One inspiration for the title of bassist Nathan East's second album for Yamaha --
third if the Grammy-nominated Bob James collaboration The New Cool is counted --
was the passing of Maurice White. The Earth, Wind & Fire leader is twice paid explicit
tribute on Reverence. First, there's a faithful version of "Love's Holiday," featuring
Philip Bailey in support, with East's bass in White's lead role during the verses.
A slick "Can't Hide Love" fake-out and some other references are in the mix, too.
Additionally, "Serpentine Fire" gets an ornate update with Bailey and EW&F partners
Verdine White and Ralph Johnson. Phil Collins' drums and Eric Clapton's guitar are
dredged from the master recording of an abandoned project, lost for 25 years, that
was found in Patti Austin's basement by East's engineer. Given East's continued predilection
for uplifting wordless melodies, and the frequent use of bright horns, the uplifting
spirit of EW&F flows through much of the album.

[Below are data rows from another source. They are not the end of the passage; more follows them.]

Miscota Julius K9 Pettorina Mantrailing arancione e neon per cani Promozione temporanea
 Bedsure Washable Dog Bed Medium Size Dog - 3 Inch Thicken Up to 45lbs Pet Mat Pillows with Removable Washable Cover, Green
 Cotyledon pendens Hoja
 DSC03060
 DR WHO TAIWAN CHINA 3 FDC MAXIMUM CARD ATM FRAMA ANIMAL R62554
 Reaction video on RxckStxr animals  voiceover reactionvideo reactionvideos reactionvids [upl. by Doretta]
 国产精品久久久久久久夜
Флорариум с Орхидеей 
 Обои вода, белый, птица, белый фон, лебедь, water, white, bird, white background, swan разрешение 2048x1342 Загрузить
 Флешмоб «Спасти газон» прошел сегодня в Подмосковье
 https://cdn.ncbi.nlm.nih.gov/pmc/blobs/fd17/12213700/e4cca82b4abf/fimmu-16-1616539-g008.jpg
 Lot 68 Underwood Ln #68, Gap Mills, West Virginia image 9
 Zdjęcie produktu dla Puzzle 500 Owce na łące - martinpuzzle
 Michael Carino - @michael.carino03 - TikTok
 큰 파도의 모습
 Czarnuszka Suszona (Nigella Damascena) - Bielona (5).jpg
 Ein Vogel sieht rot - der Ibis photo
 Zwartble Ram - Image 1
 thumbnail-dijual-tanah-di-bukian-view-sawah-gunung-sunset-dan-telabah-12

The Ruben Studdard-fronted "Why Not
This Sunday," for instance, sounds like it could be a cover of something from the
Faces era. The album's balanced mix of originals and reinterpretations, including
another nod to Stevie Wonder (with saxophonist Kirk Whalum), connects it with East's
2014 release, and so does another duet with his pianist son Noah -- the latter hopefully
a recurring element of future recordings. Yolanda Adams and Nikki Yanofsky take lead
vocal turns elsewhere, and Chick Corea is showcased on the subtly soaring "Shadow,"
a throwback of sorts to late-'70s fusion albums like Secret Agent and Friends. East
plays multiple bass parts on the majority of the songs, including a solo version
of "Until We Meet Again," the conclusion.